ICU Outcomes No Different Without Physician Staffing
Reprint from Nurse.com (Wednesday June 8, 2011)
With ICUs facing staff shortages that are predicted to worsen in the future, a recent study suggests that non-physician providers can help address these deficits.
The study by physicians from Beth Israel Medical Center and Columbia University Medical Center in New York City found no significant differences in hospital mortality or other patient outcomes between high-acuity, adult ICUs staffed by nurse practitioners and physician assistants when compared with those staffed by intensivists or other physicians.
The study included a retrospective review of 590 daytime (7 a.m. to 7 p.m.) admissions to two ICUs at one hospital. Nurse practitioners and physician assistants staffed one of the ICUs during the day, with attending physician coverage overnight. In the other ICU, medical residents were present around the clock.

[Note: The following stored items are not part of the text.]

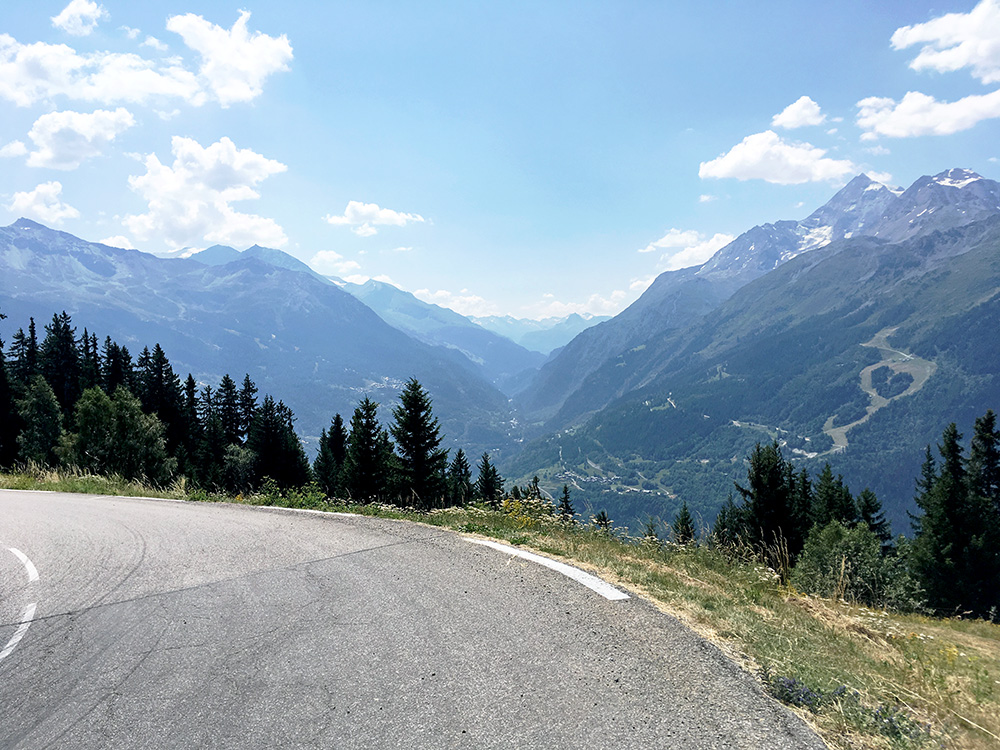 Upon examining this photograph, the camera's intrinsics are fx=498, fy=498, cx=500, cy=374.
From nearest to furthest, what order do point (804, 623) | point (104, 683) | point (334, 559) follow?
point (104, 683)
point (804, 623)
point (334, 559)

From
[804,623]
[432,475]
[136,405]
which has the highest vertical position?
[136,405]

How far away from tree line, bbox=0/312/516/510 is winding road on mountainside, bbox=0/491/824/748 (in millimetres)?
7090

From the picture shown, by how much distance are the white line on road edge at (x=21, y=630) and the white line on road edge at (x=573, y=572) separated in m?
5.60

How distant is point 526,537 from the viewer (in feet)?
29.8

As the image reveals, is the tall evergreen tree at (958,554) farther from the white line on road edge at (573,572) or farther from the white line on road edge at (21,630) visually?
the white line on road edge at (21,630)

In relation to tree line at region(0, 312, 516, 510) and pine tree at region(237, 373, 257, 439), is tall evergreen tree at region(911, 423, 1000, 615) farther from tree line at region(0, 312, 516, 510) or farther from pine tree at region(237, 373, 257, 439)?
pine tree at region(237, 373, 257, 439)

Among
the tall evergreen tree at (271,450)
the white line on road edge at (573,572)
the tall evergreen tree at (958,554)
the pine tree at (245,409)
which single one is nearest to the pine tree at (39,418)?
the tall evergreen tree at (271,450)

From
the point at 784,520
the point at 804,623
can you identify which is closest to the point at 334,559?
the point at 804,623

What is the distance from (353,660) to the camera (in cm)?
448

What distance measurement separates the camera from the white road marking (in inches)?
276

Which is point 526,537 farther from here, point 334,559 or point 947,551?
point 947,551

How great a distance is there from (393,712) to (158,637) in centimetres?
300

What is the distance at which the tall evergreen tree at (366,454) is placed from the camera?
1441 inches

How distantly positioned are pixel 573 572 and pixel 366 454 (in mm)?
32435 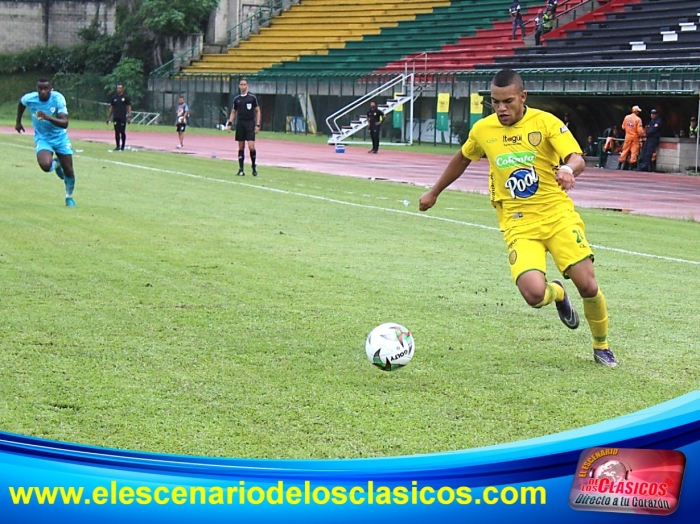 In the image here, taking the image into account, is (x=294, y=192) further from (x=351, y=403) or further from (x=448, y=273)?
(x=351, y=403)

In addition to patient mortality, the researchers found no significant difference between the two ICUs in ICU length of stay and hospital length of stay. Discharge to a skilled care facility, as opposed to home, also was similar after adjusting for other factors.
The researchers noted that as “the number of ICU beds and demand for intensivists increase, alternative solutions are needed to provide coverage for critically ill patients.”
“Staffing models including daytime use of nonphysician providers appear to be a safe and effective alternative to the traditional house staff-based team in a high-acuity, adult ICU,” they concluded.